Fed vice chair Jefferson (voting member) speaking and says:
- We need to move carefully to balance the risks of tightening too much or too little
- May be too soon to say confidently we have tightened enough.
- Mindful of lag effects of past rates as I consider whether we will need further policy tightening.
- Rising long-term yields in the past may have meant investors seek stronger economic momentum and need for higher for longer Fed rate path
- Mindful that changes in real yields can arise from changes investors view of risk, uncertainty.
- Will keep higher bond yields in mind in assessing future rate path.
- Recent inflation data encouraging, but inflation still too high.
- Core PCE prices will moderate further as labor market comes into better balance.

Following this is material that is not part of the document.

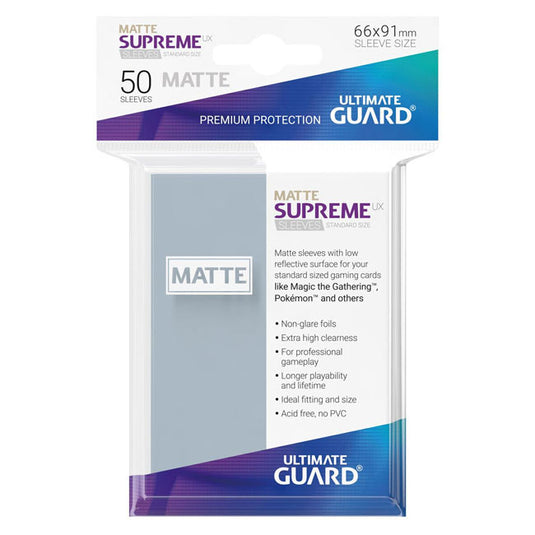 Ultimate Guard - Supreme UX Sleeves Standard Size Matte - Transparent (50 Sleeves)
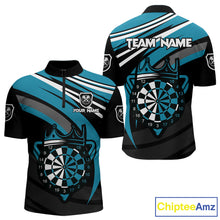 Load image into Gallery viewer, Black &amp; Turquoise Dartboard Crown Darts Shirt For Men Custom Darts Jersey Team Polo &amp; 1/4 Zip TDM4795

- Labor market remains tight, but labor demand is falling. Supply is improving.
- There is a path to restoring price stability without a large gain in unemployment.
- Expect further gradual easing of labor market conditions.
- I am particularly attentive to upside inflation risks from a strong economy, labor market, energy prices.
- Downside risks to economic activity include slowdown in China, and Europe
As far as rate hike probabilities:
- There was a 30% chance of a hike on Friday for the next meeting in November. That is now down to 14%.
- There was a 45% chance of a hike on Friday in December. That is now down to 27%.